8. Kecurigaan
"Kamu ...," Isvara menggantungkan kalimatnya. Ada yang salah dengan Deva. Tapi pada akhirnya dia tidak mengatakan apa-apa. Justru mengukir senyuman kecil, menundukkan pandangan.
Kelopak matanya terkulai turun.
Isvara sudah melakukan satu kesalahan yang fatal. Dia tidak tahu siapa Deva? Apa latar belakangnya? Bagaimana situasinya?
Namun dari perilaku masyarakat desa, mereka tampaknya sangat menghormati Deva, atau ... mungkin takut padanya?
"Saya cacat." Isvara berbisik lembut. "Kaki kanan saya lumpuh seumur hidup." lalu dia mendongak lagi, berkata serak, "kamu terlihat luar biasa, kamu pantas dekat dengan seseorang yang lebih sempurna."
"Jangan rendah diri. Kamu baik-baik aja." Deva membujuknya, dia mengulurkan tangan, mengusapi puncak kepala Isvara dengan gerakan lembut. "Setiap manusia hidup dengan takdir mereka. Mungkin ... takdir kamu adalah saya."
"Kita baru saling mengenal." Isvara memiringkan kepalanya, mengelak. Saat tangan dingin Deva menyentuhnya, dia merasa seluruh tubuhnya merinding. "Saya akan tinggal lama di sini, ayo kita mengenal satu sama lain lebih jauh dulu."

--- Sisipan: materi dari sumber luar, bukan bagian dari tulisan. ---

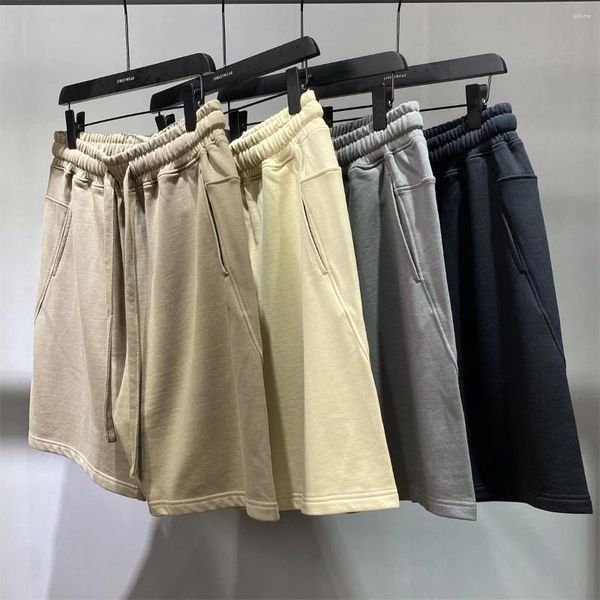 Männer Shorts Hiphop Führer Verkauft Lose Baumwolle Hip Hop Streetwear Harem Cargo Taschen Casual Punk Patchwork Männer 2023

Pupil gelap Deva menyusut. Namun dia tidak mengatakan apa-apa. Ujung jari telunjuknya mengetuk pegangan kursi roda Isvara beberapa kali, seolah memikirkannya.
Isvara terus menundukkan pandangan, dengan kedua tangan di atas pahanya yang mengepal. Mencoba menetralisir kegugupannya, degupan jantungnya yang bisa terdengar oleh dirinya sendiri.
Suasana hening dan stagnan itu berlangsung beberapa menit, sebelum akhirnya Deva berkata tanpa daya, "Oke."
Isvara diam-diam mengembuskan napas.
"Kita punya banyak waktu." Deva terkekeh. Pupilnya menyusut saat dia melanjutkan, "Satu-satunya yang saya miliki paling banyak adalah waktu."
Apa maksudnya?
Isvara mencoba menebak, tapi dia tidak menanyakan apa pun. Dia mendapat firasat semakin sedikit yang dia tahu, semakin baik. Terkadang ... rasa penasaran membunuh kucing.
"Kita masih mau jalan-jalan?" tanya Deva lagi.
Isvara mengangguk kecil, "Ya, saya mau lihat lebih banyak hal di desa ini."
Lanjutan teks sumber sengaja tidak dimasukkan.